┌─ Information given

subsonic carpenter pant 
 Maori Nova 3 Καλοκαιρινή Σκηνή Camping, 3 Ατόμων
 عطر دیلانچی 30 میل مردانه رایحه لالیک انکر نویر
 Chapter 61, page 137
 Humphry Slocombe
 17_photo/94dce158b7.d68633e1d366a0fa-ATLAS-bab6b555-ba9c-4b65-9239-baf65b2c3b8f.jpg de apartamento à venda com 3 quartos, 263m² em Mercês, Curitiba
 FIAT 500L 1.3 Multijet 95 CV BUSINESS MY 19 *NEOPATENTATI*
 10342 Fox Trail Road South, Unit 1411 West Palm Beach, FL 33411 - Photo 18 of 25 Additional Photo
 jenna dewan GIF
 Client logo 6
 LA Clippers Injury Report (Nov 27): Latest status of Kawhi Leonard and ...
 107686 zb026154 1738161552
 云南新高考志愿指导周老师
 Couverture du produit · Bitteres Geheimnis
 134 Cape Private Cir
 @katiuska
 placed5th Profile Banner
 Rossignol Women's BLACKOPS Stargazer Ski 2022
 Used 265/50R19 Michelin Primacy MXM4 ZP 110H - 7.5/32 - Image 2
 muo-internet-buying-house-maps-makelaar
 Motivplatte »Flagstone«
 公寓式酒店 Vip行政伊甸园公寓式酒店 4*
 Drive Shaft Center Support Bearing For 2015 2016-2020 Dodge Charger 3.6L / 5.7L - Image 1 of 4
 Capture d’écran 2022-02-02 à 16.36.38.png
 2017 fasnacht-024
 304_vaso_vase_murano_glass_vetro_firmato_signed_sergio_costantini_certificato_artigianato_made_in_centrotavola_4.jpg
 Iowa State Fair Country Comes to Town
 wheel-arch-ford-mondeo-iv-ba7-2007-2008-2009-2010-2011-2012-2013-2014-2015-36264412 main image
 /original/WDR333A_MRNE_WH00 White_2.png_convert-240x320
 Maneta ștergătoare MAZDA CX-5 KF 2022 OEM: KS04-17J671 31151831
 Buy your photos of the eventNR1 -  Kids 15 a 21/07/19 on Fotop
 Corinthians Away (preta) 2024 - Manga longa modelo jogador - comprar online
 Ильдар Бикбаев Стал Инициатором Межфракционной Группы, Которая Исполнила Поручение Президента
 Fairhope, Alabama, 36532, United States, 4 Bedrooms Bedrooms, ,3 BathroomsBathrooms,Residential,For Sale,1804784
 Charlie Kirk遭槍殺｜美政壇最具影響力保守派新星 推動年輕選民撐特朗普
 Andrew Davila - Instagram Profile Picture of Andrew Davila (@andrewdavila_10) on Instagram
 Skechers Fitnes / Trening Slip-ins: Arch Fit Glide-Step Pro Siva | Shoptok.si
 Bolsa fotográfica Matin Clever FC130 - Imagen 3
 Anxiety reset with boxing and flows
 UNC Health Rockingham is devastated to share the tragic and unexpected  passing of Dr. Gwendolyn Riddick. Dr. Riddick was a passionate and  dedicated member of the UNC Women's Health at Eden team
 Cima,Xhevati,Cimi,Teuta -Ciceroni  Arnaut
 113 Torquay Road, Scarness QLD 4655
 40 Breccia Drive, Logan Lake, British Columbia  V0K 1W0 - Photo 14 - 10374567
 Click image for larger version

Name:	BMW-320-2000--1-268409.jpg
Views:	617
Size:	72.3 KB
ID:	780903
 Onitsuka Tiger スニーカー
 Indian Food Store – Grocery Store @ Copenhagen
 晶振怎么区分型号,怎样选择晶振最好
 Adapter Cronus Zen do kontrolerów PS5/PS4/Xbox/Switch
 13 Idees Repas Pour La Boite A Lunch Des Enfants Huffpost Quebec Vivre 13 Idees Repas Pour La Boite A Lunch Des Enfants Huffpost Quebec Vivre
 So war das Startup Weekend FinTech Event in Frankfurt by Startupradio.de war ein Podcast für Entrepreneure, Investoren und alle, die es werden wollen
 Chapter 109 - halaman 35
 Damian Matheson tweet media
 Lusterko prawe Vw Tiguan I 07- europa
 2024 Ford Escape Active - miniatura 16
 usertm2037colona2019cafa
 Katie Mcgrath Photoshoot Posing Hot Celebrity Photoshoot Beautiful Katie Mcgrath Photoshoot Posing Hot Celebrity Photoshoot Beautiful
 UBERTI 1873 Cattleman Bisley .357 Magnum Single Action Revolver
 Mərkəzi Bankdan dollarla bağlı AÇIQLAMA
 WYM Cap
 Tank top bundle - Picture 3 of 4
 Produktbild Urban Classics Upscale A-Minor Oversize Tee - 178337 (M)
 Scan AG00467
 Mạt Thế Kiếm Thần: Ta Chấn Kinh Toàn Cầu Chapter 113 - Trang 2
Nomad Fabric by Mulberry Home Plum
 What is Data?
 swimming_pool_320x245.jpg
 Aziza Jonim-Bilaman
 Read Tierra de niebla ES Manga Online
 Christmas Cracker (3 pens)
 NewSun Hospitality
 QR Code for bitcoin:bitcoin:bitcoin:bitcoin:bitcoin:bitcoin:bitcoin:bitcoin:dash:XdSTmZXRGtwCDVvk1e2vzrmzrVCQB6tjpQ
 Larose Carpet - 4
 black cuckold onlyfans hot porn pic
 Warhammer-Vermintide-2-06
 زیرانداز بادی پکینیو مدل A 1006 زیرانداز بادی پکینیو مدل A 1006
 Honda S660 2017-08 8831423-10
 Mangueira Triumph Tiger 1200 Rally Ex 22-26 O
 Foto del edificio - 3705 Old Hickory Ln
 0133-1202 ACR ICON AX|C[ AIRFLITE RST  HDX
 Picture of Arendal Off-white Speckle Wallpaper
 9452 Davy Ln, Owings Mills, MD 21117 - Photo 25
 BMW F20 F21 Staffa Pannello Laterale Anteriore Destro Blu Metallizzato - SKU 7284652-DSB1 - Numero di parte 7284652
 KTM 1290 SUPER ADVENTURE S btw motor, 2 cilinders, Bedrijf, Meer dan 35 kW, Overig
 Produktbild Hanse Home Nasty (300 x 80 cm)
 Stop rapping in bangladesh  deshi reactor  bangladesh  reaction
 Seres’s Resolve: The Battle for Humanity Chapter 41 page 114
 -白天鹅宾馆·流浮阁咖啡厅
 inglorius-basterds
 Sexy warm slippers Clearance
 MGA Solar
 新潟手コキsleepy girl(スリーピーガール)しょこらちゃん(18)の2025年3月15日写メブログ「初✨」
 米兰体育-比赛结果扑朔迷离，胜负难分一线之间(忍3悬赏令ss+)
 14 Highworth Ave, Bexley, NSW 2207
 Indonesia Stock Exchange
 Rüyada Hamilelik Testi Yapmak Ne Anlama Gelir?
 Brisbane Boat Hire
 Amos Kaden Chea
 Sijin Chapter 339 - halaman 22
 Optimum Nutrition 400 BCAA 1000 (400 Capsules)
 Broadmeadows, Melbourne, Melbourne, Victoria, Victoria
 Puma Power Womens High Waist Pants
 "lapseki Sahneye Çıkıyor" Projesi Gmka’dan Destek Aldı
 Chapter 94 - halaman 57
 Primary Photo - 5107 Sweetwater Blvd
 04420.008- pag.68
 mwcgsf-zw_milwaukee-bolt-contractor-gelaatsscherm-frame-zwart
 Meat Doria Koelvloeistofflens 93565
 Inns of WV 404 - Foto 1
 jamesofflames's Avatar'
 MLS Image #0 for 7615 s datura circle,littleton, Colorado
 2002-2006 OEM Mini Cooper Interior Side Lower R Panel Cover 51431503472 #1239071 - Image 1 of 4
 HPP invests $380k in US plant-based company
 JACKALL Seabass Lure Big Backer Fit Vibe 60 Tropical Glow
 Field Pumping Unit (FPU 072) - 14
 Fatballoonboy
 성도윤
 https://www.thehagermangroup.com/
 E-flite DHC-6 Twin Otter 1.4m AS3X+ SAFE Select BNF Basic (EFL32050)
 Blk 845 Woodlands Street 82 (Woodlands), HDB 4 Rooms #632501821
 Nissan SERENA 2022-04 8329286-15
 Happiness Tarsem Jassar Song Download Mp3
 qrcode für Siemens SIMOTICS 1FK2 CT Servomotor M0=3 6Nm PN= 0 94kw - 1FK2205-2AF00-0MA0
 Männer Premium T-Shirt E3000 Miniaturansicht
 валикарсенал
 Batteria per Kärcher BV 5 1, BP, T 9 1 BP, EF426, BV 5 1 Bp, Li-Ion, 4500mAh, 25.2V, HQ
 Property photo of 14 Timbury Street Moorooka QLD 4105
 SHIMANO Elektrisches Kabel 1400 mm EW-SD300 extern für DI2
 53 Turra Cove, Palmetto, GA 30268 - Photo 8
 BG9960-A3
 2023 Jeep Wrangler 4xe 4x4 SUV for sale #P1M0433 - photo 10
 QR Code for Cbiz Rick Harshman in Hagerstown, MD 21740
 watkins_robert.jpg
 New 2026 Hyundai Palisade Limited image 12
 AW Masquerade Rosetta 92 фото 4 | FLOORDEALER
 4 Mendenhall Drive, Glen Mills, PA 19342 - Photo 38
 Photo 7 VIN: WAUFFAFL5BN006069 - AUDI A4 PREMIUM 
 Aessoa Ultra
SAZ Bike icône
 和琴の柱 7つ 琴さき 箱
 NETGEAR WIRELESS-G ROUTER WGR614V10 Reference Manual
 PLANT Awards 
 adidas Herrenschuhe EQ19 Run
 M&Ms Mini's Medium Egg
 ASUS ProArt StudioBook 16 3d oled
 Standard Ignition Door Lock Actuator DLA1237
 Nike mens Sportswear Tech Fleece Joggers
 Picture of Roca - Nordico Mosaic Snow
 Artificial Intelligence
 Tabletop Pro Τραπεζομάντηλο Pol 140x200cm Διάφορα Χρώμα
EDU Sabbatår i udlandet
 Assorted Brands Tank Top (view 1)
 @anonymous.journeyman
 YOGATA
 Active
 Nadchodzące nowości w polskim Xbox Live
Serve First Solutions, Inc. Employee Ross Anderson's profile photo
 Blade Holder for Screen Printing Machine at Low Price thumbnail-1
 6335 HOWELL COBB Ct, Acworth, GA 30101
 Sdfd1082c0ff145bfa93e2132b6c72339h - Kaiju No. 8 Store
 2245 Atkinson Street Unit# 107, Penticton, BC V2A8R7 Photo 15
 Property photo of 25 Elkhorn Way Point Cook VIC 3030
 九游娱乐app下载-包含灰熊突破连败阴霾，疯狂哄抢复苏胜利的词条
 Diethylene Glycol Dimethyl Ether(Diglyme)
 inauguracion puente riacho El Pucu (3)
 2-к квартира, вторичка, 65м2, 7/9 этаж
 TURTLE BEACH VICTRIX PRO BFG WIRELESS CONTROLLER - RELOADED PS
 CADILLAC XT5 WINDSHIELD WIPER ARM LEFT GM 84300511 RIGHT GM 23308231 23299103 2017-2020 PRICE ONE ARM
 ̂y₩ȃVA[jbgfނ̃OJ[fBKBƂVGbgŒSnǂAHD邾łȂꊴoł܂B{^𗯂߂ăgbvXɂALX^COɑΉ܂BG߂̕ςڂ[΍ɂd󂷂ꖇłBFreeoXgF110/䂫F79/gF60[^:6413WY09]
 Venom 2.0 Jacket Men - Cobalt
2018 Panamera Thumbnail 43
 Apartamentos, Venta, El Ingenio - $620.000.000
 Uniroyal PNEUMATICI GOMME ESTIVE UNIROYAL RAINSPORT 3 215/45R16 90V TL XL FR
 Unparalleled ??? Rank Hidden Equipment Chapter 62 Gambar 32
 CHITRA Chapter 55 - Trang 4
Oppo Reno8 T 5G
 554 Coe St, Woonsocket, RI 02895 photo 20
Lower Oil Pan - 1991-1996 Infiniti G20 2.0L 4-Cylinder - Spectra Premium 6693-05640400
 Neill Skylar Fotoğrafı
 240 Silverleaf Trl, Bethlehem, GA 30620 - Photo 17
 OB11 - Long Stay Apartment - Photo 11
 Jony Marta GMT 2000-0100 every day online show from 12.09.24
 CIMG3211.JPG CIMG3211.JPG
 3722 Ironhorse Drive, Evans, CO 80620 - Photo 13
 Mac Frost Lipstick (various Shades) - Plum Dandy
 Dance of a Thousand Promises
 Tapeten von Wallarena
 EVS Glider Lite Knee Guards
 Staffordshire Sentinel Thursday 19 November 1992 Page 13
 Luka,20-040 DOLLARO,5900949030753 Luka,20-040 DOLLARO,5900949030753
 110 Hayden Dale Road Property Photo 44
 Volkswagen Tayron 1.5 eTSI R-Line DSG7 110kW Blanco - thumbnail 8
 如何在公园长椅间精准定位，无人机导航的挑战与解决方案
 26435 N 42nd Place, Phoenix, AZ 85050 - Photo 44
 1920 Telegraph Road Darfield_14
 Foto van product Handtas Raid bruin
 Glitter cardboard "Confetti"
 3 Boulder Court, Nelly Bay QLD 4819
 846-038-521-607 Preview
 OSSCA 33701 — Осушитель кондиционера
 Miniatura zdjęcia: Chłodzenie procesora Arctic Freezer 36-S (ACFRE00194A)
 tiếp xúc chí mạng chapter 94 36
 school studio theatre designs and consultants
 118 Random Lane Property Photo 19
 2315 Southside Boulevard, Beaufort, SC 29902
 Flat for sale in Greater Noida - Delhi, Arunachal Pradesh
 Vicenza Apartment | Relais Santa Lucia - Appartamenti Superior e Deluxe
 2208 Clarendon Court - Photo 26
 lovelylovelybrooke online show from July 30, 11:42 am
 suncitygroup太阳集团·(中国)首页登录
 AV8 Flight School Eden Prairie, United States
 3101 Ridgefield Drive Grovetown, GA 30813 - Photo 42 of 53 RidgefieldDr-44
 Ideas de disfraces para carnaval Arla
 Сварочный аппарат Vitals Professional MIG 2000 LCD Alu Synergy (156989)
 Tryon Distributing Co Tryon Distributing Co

└─

- Task directions
Using the records above, copy word for word the line with "Foto van product Handtas Raid bruin", the line with "2315 Southside Boulevard, Beaufort, SC 29902", and every line between them.

- Solution
 Foto van product Handtas Raid bruin
 Glitter cardboard "Confetti"
 3 Boulder Court, Nelly Bay QLD 4819
 846-038-521-607 Preview
 OSSCA 33701 — Осушитель кондиционера
 Miniatura zdjęcia: Chłodzenie procesora Arctic Freezer 36-S (ACFRE00194A)
 tiếp xúc chí mạng chapter 94 36
 school studio theatre designs and consultants
 118 Random Lane Property Photo 19
 2315 Southside Boulevard, Beaufort, SC 29902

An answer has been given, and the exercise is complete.